New Faculty Profile: Brad Pasanek
Brad Pasanek brings digital humanities to bear on the Enlightenment
Posted 12/02/08
Brad Pasanek
Brad Pasanek brings the tools of modern digital scholarship to bear on some fairly old writing, the literature of eighteenth-century Britain. Taking advantage of keyword searchable, online archives of eighteenth-century literature that have in recent years been made available in digital formats, Professor Pasanek analyzes how metaphors for the mind permeated eighteenth-century writing in ways both familiar and surprising. Pasanek earned his PhD in 2006 from Stanford University, and joined the Department as an Assistant Professor this fall, after completing a post-doctoral fellowship at the University of Southern California and a visiting professorship at Pomona College.

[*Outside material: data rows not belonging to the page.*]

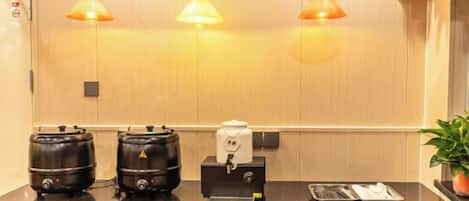 A restroom with three black kettles, a coffee machine, and a trash bin.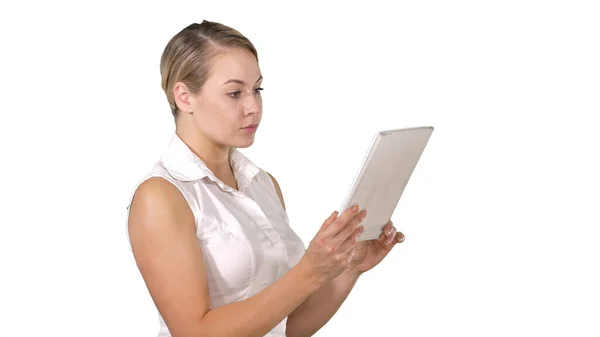 Mooie vrouw staande en met behulp van een tablet op witte achtergrond. — Stockfoto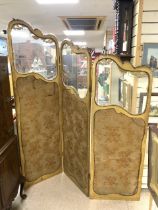 A FRENCH GLAZED GILTWOOD AND EMBROIDERED PANEL THREE FOLD SCREEN.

Professor Pasanek’s current work stems from his dissertation, Eighteenth-Century Metaphors of Mind: A Dictionary, which collects and organizes metaphors all throughout eighteenth century writing, canonical literature and popular writing as well. Using digital databases to identify, aggregate, compare, and then analyze the figurative language that eighteenth-century writers called upon to represent the mind in language, Pasanek treats eighteenth-century metaphors in a series of case studies—tracing development and usage in a wide variety of eighteenth-century texts. His dictionary of metaphors, which responds to eighteenth-century preoccupations with lexicography in its own right, tells the story of the Enlightenment from “Beasts” all the way to “Writing,” with each term prompting an essay on the ways in which eighteenth-century writers deployed metaphors relating to, say, animals as they described the operations of human thought. Pasanek says that this project is a perfect way for him to “inhabit this eighteenth-century genre while turning it inside out.” His research will, he hopes, produce a book that speaks to not only those who study the eighteenth century in earnest, but to those who look for an accessible way to navigate through any constellation of unfamiliar texts.
In order to drill deeper into this taxonomic information, Pasanek has started collaborating with D. Sculley, a computer scientist from Tufts University who is currently working for Google. With help from another USC undergraduate and other programming colleagues, Pasanek created a usable database called “The Mind is a Metaphor,” to sort, tag, flag, and package the sheer number of metaphors appearing throughout the body of eighteenth century work. Currently, Pasanek, with D.’s help, wants to bring the concept of “machine learning methods to literary studies,” and hopes that this digital database will be used as a platform for other text-mining experiments. As a result, Pasanek can look to non-canonical writing produced by Grub Street hacks, women writers, and working-class poets in order to study the human record. “The Mind is a Metaphor” can be viewed at: http://metaphorized.net.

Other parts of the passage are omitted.